Although virtually all polls conducted in the final three weeks of a campaign are included, there are some exceptions in the case of the presidential primaries.We exclude polls of the New Hampshire primary that are conducted before the Iowa caucus.

We exclude polls of primaries in states beyond New Hampshire that are conducted before the New Hampshire primary.

We exclude primary polls whose leader or runner-up dropped out before that primary was held.

We exclude primary polls if any candidate receiving at least 15 percent in the poll dropped out before that primary was held.

We exclude primary polls if any combination of candidates receiving at least 25 percent in the poll dropped out before that primary was held.

One challenge comes in how to identify which pollster we associate with each survey. For instance, Fabrizio, Lee & Associates and Impact Research began a partnership to conduct surveys for the Wall Street Journal in late 2021. Theoretically, these could be classified as polls conducted by Fabrizio, Lee & Associates, Impact Research, the Wall Street Journal or some combination thereof. Our policy is to classify polls based on the pollster that conducted them, regardless of sponsorship, so these surveys are attributed to the partnership “Fabrizio, Lee & Associates/Impact Research.”

However, a few media companies have in-house polling operations. Confusingly, media companies sometimes also act as the sponsors of polls conducted by other firms. Our goal is to associate the poll with the company that, in our estimation, contributed the most intellectual property to the survey’s methodology. In some cases, this does include the media company that funded the poll. This is why, for example, The New York Times/Siena College is listed as a separate pollster from regular old Siena College.

When the same pollster or polling team operates multiple companies with different names but the same polling methodology, their polls are evaluated together. This is why, on some pollsters, you may see alternative names, indicating other companies operated by the same principal researchers or previous branding for that pollster’s work.

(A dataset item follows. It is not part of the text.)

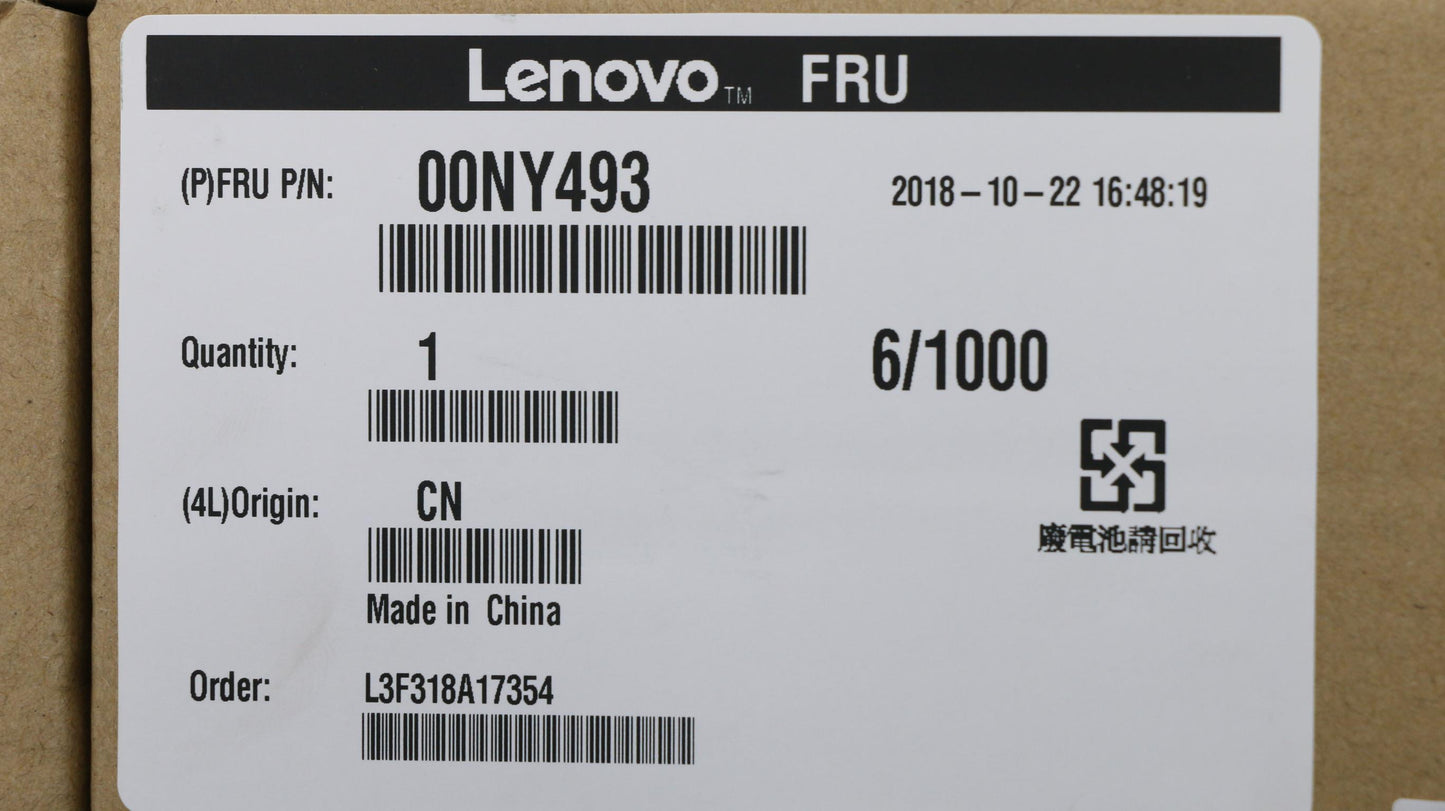 Lenovo (00NY493) Battery, 13.05V, 90Wh, 6-cell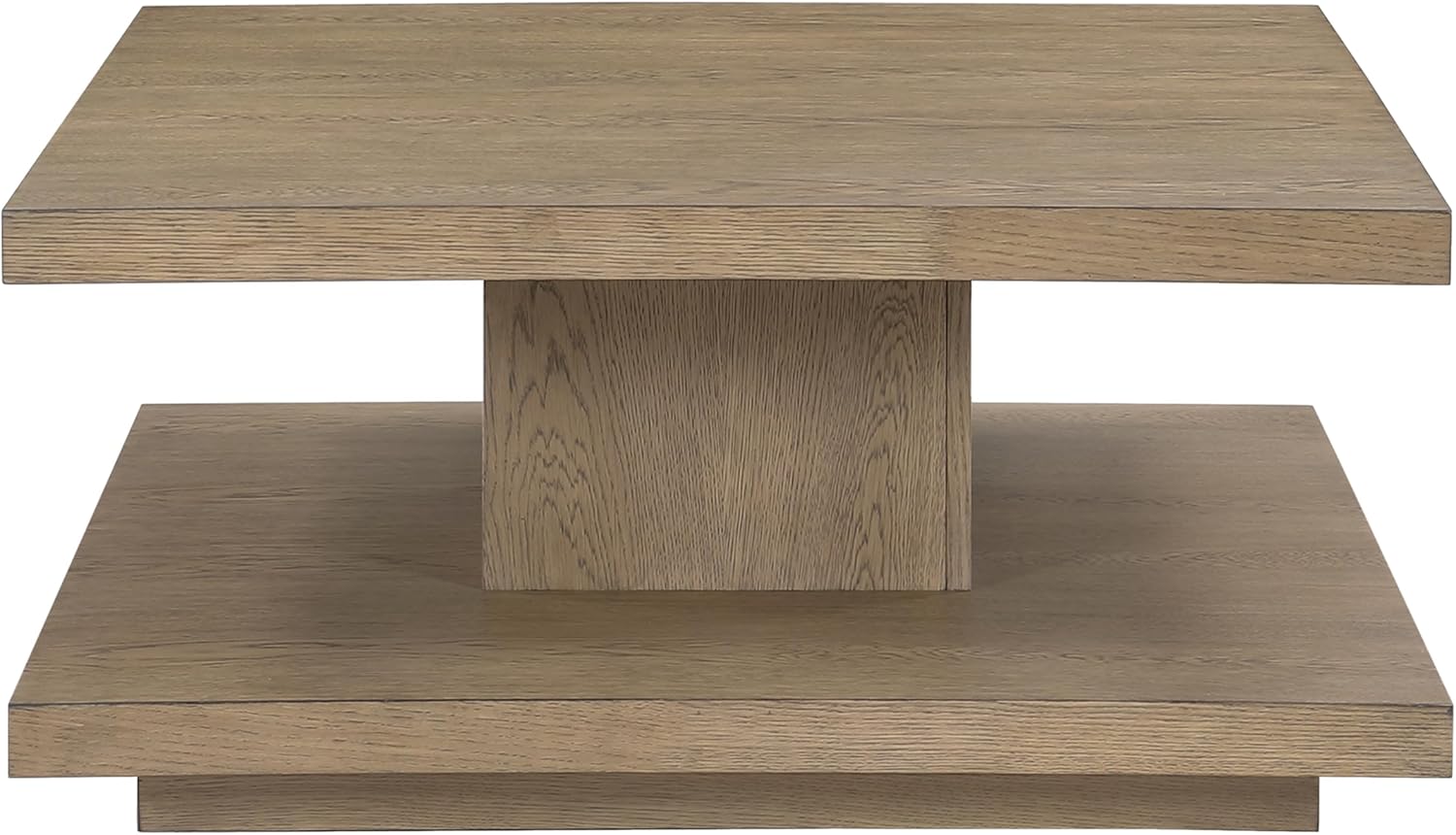 Steve Silver Furniture Canyon Brown Cocktail Table, 38" Table Top, Living Room, Modern/Rustic/Contemporary Designed Coffee Table, Double Storage Shelf, Hand Stained Wood, 38" L x 38" D x 18" H, Brown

Step 2: Calculate simple average error

This part’s really simple: We compare the margin in each poll against the actual margin of the election and see how far apart they were. If the poll showed the Republican leading by 4 percentage points and they won by 9 instead, the poll’s simple error was 5 points. We draw election results from officially certified state or federal sources.

In the rare case that we are unable to locate officially certified results from a particular state, we use Dave Leip’s Atlas of U.S. Presidential Elections as an alternative source for election results.

Simple error is calculated based on the margin separating the top two finishers in the election — not the top two candidates in the poll. For instance, if a certain poll of the 2008 Iowa Democratic caucus showed Hillary Clinton at 32 percent, Barack Obama at 30 percent and John Edwards at 28 percent, we’d look at its margin between Obama and Edwards since they were the top two finishers in the election (Clinton narrowly finished third).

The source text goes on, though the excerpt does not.